Nina Vitagliano and the Speederettes
The tragic story of an Italian-born American race driver

Mario Andretti was not the only Italian-born American to become a race driver. Italian immigrants, searching for a new life in our still new-world, found racing as exciting in America as did their friends and relatives who remained in Italy. Andretti was proceeded by the great Ralph DePalma, who was born in in 1883, Dario Resta , born in Italy in 1884, and of course Luigi Chinetti, a native of Italy who found fame and fortune in post WWII America.

And not only were the Italian immigrants who donned racing suits men, but as we will see, women as well. Patricia Lee Yongue relates the tragic story of a true pioneer, born in Genoa, Italy.


Italian immigrant Nina Vitagliano. Photo courtesy Stockton, California Library.

Offspring of noble Italian stock, Nina Vitagliano had emigrated with her parents to (smogless?) Los Angeles reportedly for the sake of her father Colonel Angelo Vitagliano’s health. Always a free-spirited girl, Nina had driven cars in her native Italy and had no intention of giving up this freedom in America of all places. After she married shipping executive Stephen Torre (Torre Shipping Co.), not only did she continue to drive, much to her parents’ distress she determined to race. She also declared her ambition to fly airplanes, like sister race car driver Ruth Wightman, and eventually to return to Italy to drive for the ambulance corps. Unfortunately, she did not live to fulfill these latter goals.


Behind the wheel of the Roamer at Ascot, Nina looked happy and excited.

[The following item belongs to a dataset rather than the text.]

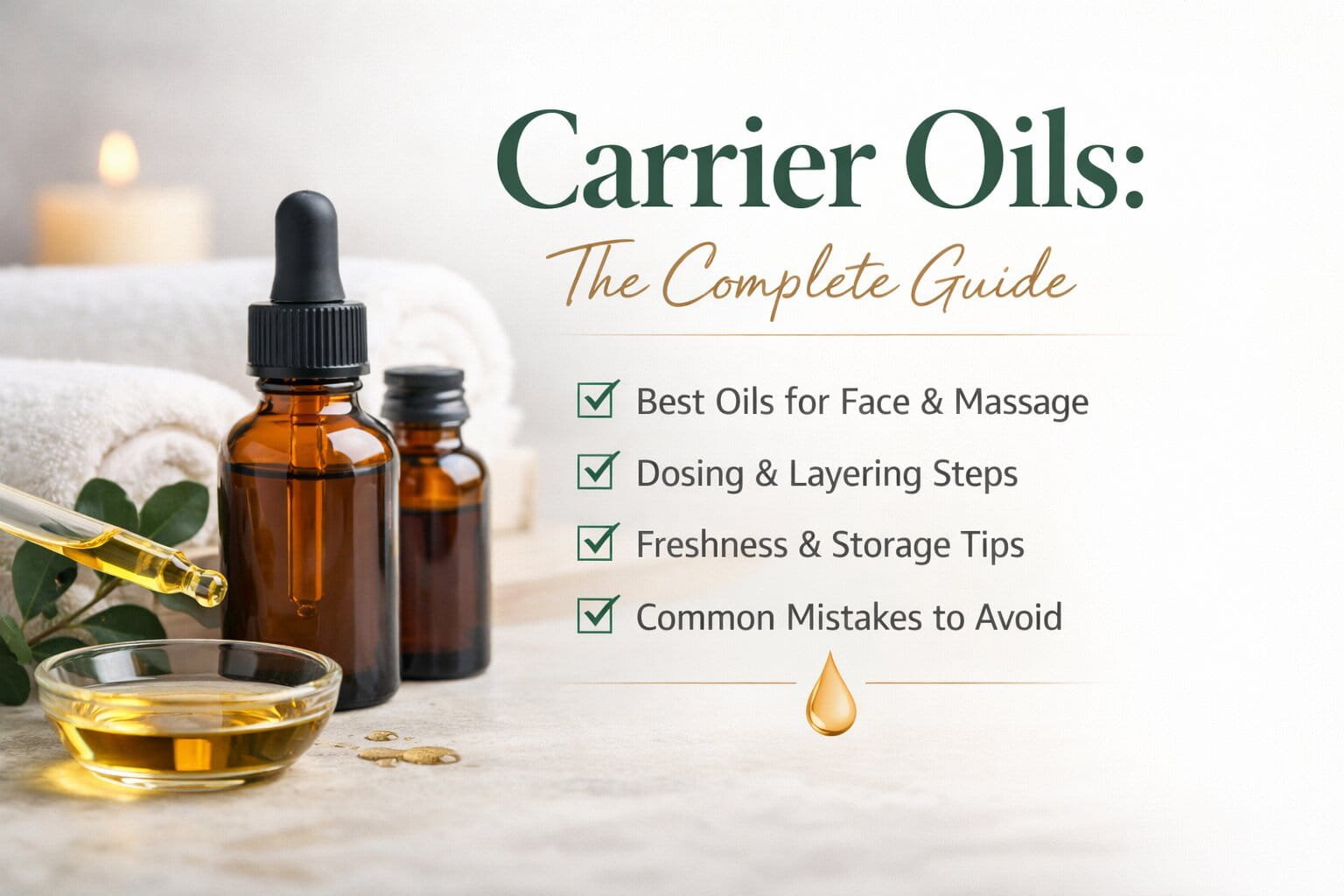 Carrier oils guide with skincare essentials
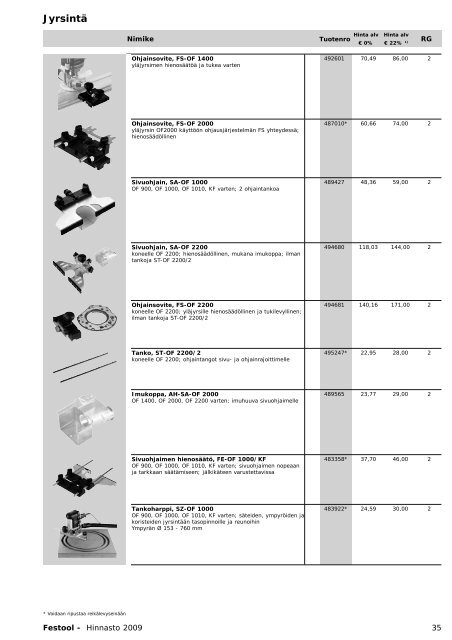 Hinnasto 2009 - Tooltechnic Oy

Photo courtesy Stockton, California Library

Ascot and the Speederettes
The first Ascot circuit, Ascot Park, was a one mile dirt oval between Central and Florence Avenue in Los Angeles, California. It was active from 1908 to 1919, followed by a new paved track opened in the 1920s. Then, as now, California was the hotbed of racing activity, and attracted the best drivers. The first all-women's track race, which took place on February 3, 1918 at Ascot Park, would provide a chance for the young Italian immigrant to show her mettle.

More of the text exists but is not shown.